# Kitten pictures (pic heavy, dialup warning)



## Kitah (Dec 11, 2008)

Been working on a warmblood stud since monday (doing 2 weeks of vet placement) and there's a cat with a litter of 5, all of which are gorgeous  I'm currently working on my parents to let me keep the little girl that has a lot of orange in her, cause I love her to bits  (She's the one in the first lot of pics)








































some of the other kittens


----------



## Dipcdame (Dec 11, 2008)

ABsolutely stunning photos, they look professionay taken!!!!!!!! BEAUTIFUL kittens, she's a real little looker!!!!! Hope you do get to take her home!!!!!!


----------



## Kirby (Dec 11, 2008)

nice photo's... 

two of my worst allergies, lucerne and cats.. lol.


----------



## Leezel73 (Dec 11, 2008)

beautiful photos.... The kittens are all so cute!!!!

What sort of camera did you use?


----------



## Snake Catcher Victoria (Dec 11, 2008)

Stunning pics, These cats Expensive?
They're tabbies right?


----------



## Vixen (Dec 11, 2008)

Very nice photos and beautiful cat !


----------



## Trouble (Dec 11, 2008)

very nice photos. the kitten is gorgeous! the only other cat I know that has character (my aunt has a siamese, he's awesome)
thanks for sharing the pics, she's gorgeous!


----------



## ravan (Dec 11, 2008)

awwwwwwwwwwwwwwww 
so adorable


----------



## Ninjaette (Dec 11, 2008)

So cute!!


----------



## LullabyLizard (Dec 11, 2008)

Great pics!


----------



## Helikaon (Dec 11, 2008)

not as cute as mine


----------



## horsesrule (Dec 11, 2008)

I was in the Lort Smith Shelter the other day i was tempted to adopt anothe kitten but 3 is enough.

Oh and my cats are not allowed outside ever and have never been out at all just thought id state that before any attacks start flying.


----------



## SyKeD (Dec 11, 2008)

what a tiger!.

haha 

little champion.


----------



## Vixen (Dec 11, 2008)

True true. :lol:


----------



## Kitah (Dec 11, 2008)

I get the impression that this litter wasn't intended.. the owner doesn't seem to desex any of his animals.. the dogs are all intact (3) as are the adult cats (theres one male that has marble-bengal type markings, and theres the mum of these guys which looks very young herself, too young imo to have had a litter)

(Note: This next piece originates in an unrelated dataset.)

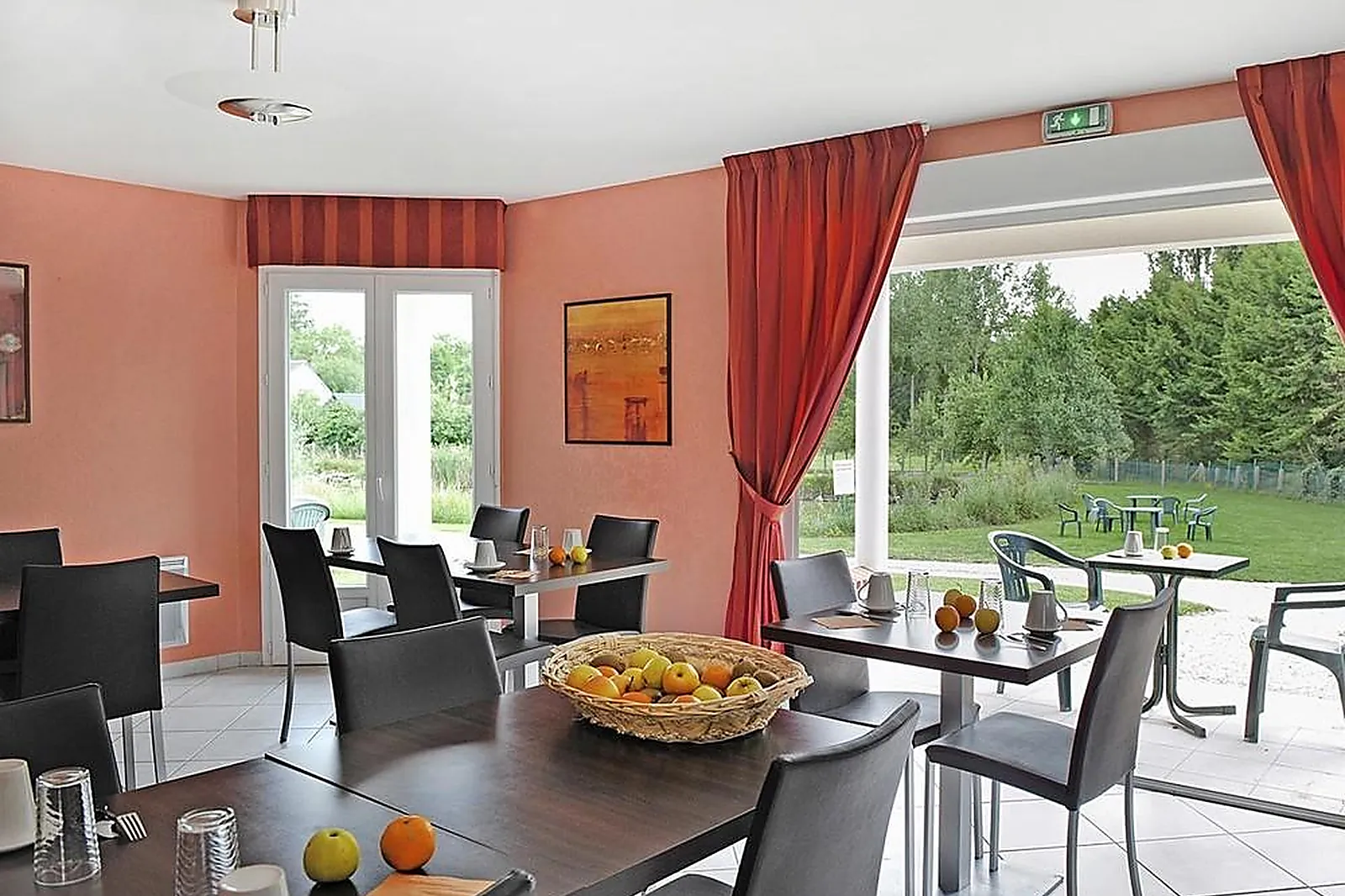 Lieux événementiels, L'ORÉE DES CHÂTEAUX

My parents originally said "No" outright and I thought I didn't have a chance.. then I showed dad a pic of this lil girl and he said "work on mum" and mum said "ask dad" so... yeah 

Thanks for the kind comments guys (I shall ignore the scrubbie comments ), the camera I use is a fuji finepix S5700. There are a few newer models that are very similar and I HIGHLY HIGHLY recommend them, superb macro and very easy to use (Pay up fuji, I've done yet more advertising for ya!)

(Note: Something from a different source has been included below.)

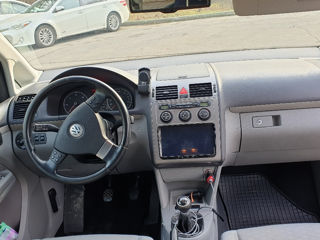 Volkswagen Touran foto 7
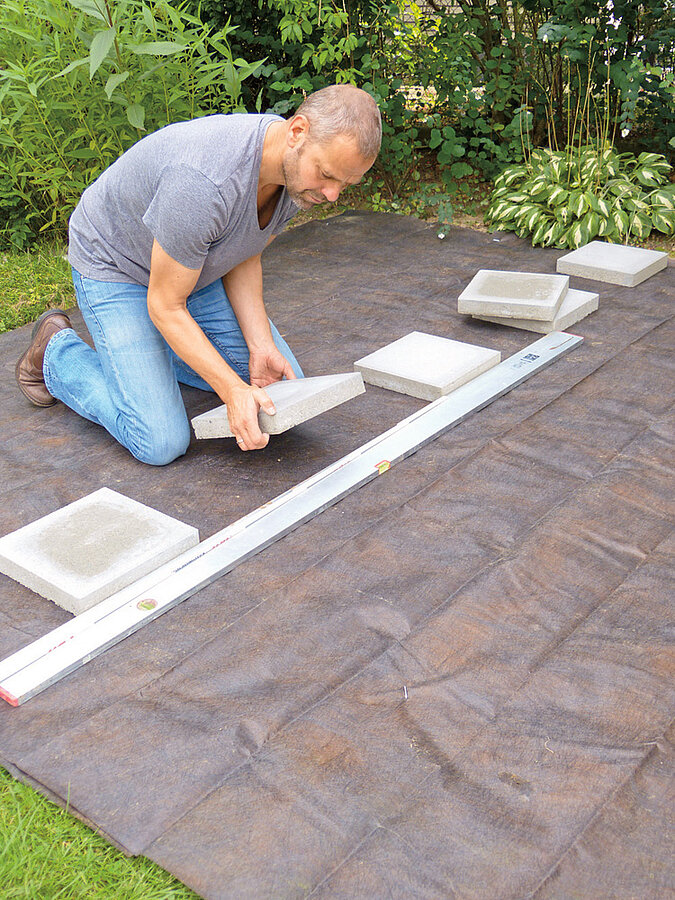Holzdeck: Betonplatten auslegen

I will be getting some more pics of the kittens soon (I go play with them every lunch break and in the mornings; whenever I have free time, which isn't often) and I'll also post some pics of the horses if anyones interested


----------



## bundy_zigg (Dec 11, 2008)

1st - This is my little girl - I was cleaning out the snakes click clack and turned my bad when I looked back around this is what I found, I guess she thought if its good enough for the snake it is good enough for her hahaha
2nd - She just loves to get in to things she should not - this was just a box in a shopping bag and she loved it

I found her in a tree in the park in town she was screaming and was only a tiny little kitten(just a bit bigger than my hand) - she is not the prettiest kitty but we love her as she found us haha


----------



## Kitah (Dec 11, 2008)

I rekon she's gorgeous Bundy  I have a thing for black cats with real gold coloured eyes, beautiful  (I have a fetish for high contrast)

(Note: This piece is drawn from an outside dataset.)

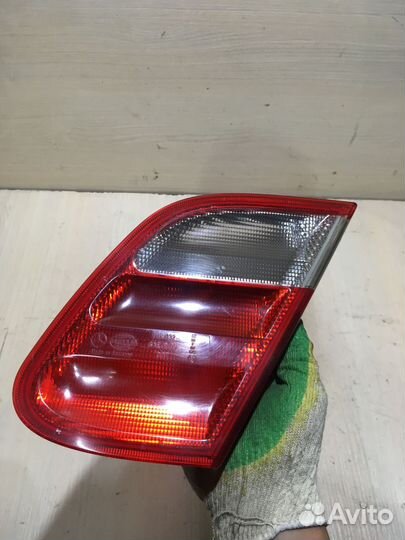Фонарь задний правый Mercedes Clk-Class W208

I love it how cats seem to love boxes  as soon as misty see's one, she's in it  so funny to watch. Is your girl playful bundy? If so have you ever tried a laser light with her? misty loves it, you can make her jump up walls, run in circles etc, great fun!


----------



## Kitah (Dec 11, 2008)

come on guys, learn to control yourselves. I am well aware that this is a REPTILE forum but as has been posted before, the 'other animals' section includes any other animal, including cats. There are quite a few others on here that like cats, who I thought might like to see these cute lil guys. Learn to grow up and get over it, if you hate cats so much simply don't open any threads including them, and if you do don't waste peoples time by posting about your hatred and you trying to hurt them; we've heard it all before.

Thanks to the people who are mature enough to not bicker etc, and to the others, please don't carry on/argue and get the thread locked.


----------



## bundy_zigg (Dec 11, 2008)

Thanks - She is super playful and will play for hours with the laser light hahah I get tired of it before she does haha. She is such spoiled kitty and is more human than cat she has set things she does like in the morning when my husbands alarm goes off she goes and sits on it and waits for him to put it on snooze then goes back to bed with him then just before it comes back on again she goes and sits on it again she will only use one kitty littler box to poo in and will only eats out of a certain bowl and loads more.
We also have a Russian blue(well he is a mix breed but has the Grey coat and green eyes) who is 3 and is a RSPCA cat





xshadowx said:


> I rekon she's gorgeous Bundy  I have a thing for black cats with real gold coloured eyes, beautiful  (I have a fetish for high contrast)
> 
> I love it how cats seem to love boxes  as soon as misty see's one, she's in it  so funny to watch. Is your girl playful bundy? If so have you ever tried a laser light with her? misty loves it, you can make her jump up walls, run in circles etc, great fun!


----------



## Kitah (Dec 11, 2008)

Meh I'm just going to ignore any of the people that bad-mouth cats. They're never mature enough to actually read what anyone says so why bother. As I've said a million times before; Indoor cats with decent owners do NO damage to the environment. 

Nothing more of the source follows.